In their book, Bill and Dave also tell a story about a man named Donald.  He had worked for more than 30 years at the same job and had made a lot of money.  His home was almost paid off.  His kids had all graduated from college.  He had money for retirement.  He had a solid career and a solid life.  Get up, go to work, pay the bills, go home, go to bed.  Wake up the next day and do it all over again.  Lather.  Rinse.  Repeat.  But, for years he had carried the same question around inside of him as he went to coffee shops, dinner tables, church, and the bar.  The question would wake him up at 2:00 am.  He would look at himself in the bathroom mirror and ask, “Why am I doing this?”  Not once had the guy in the mirror had a good answer for him.  He had a dysfunctional belief.  He believed that a life of responsible and successful work should make him happy.  He felt stuck.  He thought he didn’t have any other options that to continue to struggle through an unfulfilling life.  He believed it was too late to change his life’s work.  But, he was wrong.

Many people today operate under the dysfunctional belief that they just need to find out what they are passionate about.  They think that once they know their passion, everything else will just magically fall into place.  But, most people don’t know their passion.  Only 20% of people between the ages of 12-26 have a clear vision of where they want to go and what they want to accomplish in life.  80% of people of all ages don’t really know what they are passionate about.  In the United States alone, there are more than 31 million people between the ages of 44-70 who want an “encore” career – work that combines personal meaning, continued income, and social impact.

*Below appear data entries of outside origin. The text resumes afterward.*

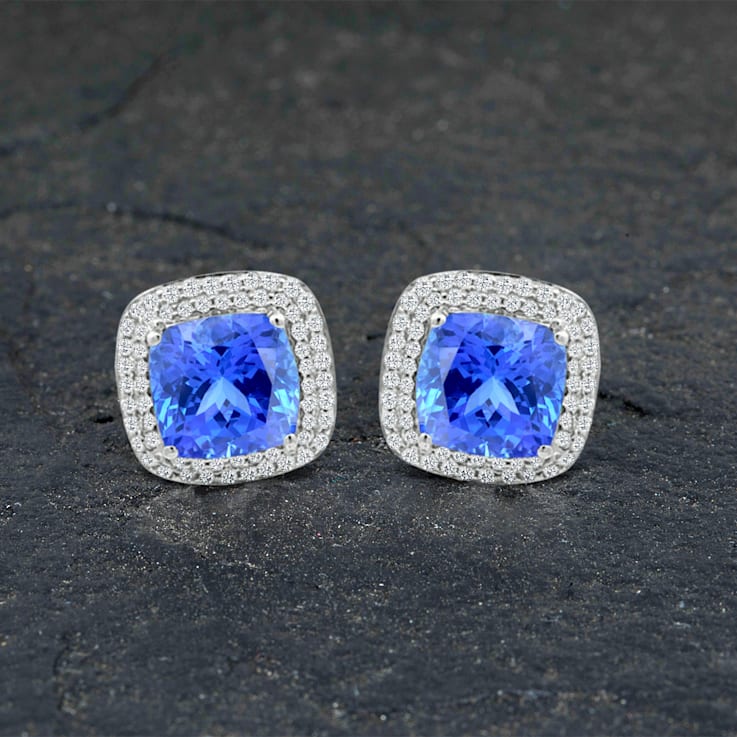 14K White Gold Rectangular Cushion Tanzanite and Diamond Earrings 5.51ctw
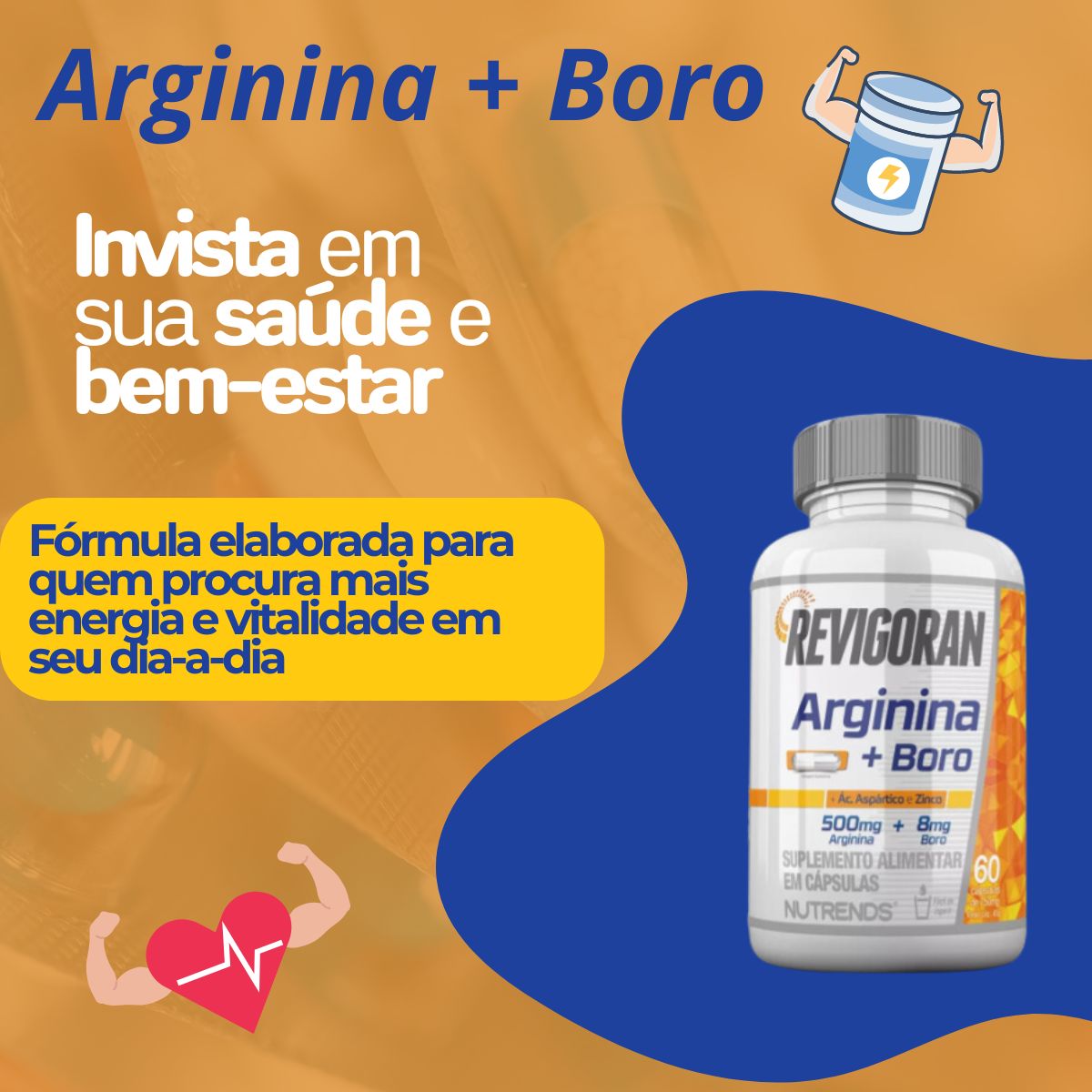 Revigoran Arginina + Boro Nutrends | 60 cápsulas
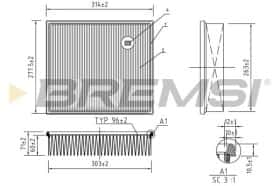 Повітряний фільтр Bremsi fa1252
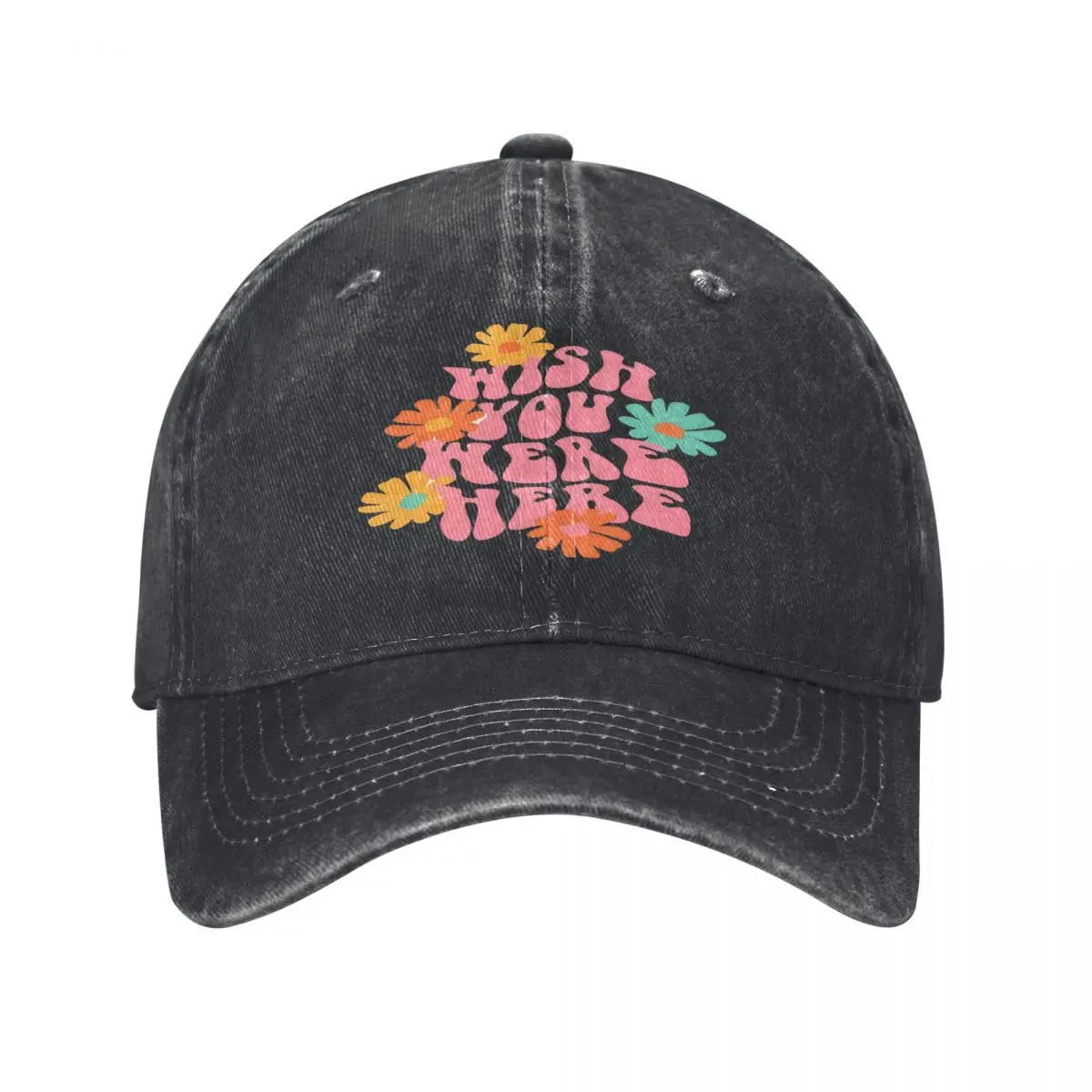 Wish You Were Here Daisy Flowers Baseball Hats Trucker Hat Dad Hats Adjustable Outdoor Baseball Cap for Men Women Cowboy Hat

Many people today struggle with dysfunctional beliefs and don’t know how to change them.  This is why we go to church.  This is why we read the Bible.  We all grow up with beliefs and ideas that we think are true, but really aren’t.  They shape who we are, what we do, and how we live.  But, we don’t realize they aren’t true.  And if we do discover they aren’t true, then we don’t know how to change them and how to re-frame them.  This is why we need Jesus in our lives.  This is why we need the Holy Spirit leading us through life:  because all of us need to re-frame our thinking in our major ways.  But, we don’t know how to do it.  And we can’t do it alone.

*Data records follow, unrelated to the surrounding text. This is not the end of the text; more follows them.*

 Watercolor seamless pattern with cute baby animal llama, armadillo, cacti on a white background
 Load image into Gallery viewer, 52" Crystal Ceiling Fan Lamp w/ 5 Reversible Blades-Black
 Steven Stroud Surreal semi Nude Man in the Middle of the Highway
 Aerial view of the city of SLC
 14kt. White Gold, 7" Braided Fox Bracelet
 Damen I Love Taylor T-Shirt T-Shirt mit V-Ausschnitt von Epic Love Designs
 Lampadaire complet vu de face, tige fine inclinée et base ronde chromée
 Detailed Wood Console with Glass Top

Your life cannot be perfectly planned.  None of us are perfect.  We all make mistakes.  There is no one single solution to your life.  If you keep looking for the one right answer, you’ll never find it.  Our God is a much more creative God than we realize.  When we surrender our lives to Him, He doesn’t just open one door of possibility for us.  He opens many doors for us.  He gives us choices we never had before.  The Holy Spirit leads us to design a life that makes sense.  Life is all about growth and change.  It’s not static.  It’s not about answering the big life question once and for all and then it’s done, never having to be re-visited ever again.  It’s about going on a journey with Jesus, with a Christian community, for the life of the world.  There will always be twists and turns, sunshine and rain, cold and heat.  There will always be signs and wonders, plants and animals, unexpected guests and new friends.

We need God’s help to think differently.  We need Jesus’ help to live differently.  We need the Holy Spirit’s help to dream differently.  We need the church’s help to focus our attention on the right things, to develop disciplines and practices that will pay off, and to help us get out of the rut we are stuck in.  We need to take off the blinders that keep us from seeing the possibilities God has waiting for us.  We need to understand where happiness, fulfillment, and satisfaction really come from.  We carry around too many dysfunctional beliefs.  And we need the Bible and the church to re-frame our thinking and our lives.

God doesn’t want us to waste our lives.  God doesn’t want us to feel miserable or stuck.  God wants us to soar like eagles as we discover how He designed us, and how the Holy Spirit can help us design a life that makes sense.  But, we have to be willing to let go of our dysfunctional beliefs.  We need to let the Bible re-frame how we think and how we live.  And we need to be willing to follow Jesus down some life paths that we never thought we would walk down.

 

Your Questions

May 1, 2017

This month, we are taking a look at the questions that people are asking about God, faith, and life.  If you had one question you could ask God, what would it be?  What is the one question that keeps you awake at night?  We don’t have time on Sunday mornings to discuss all the questions that were submitted, so here are some responses to three others:

1.At what point does temptation become sin?  Or is temptation sinful?  What about Matthew 5:28 where Jesus says “If a man looks lustfully at a woman, he has already committed adultery with her in his heart?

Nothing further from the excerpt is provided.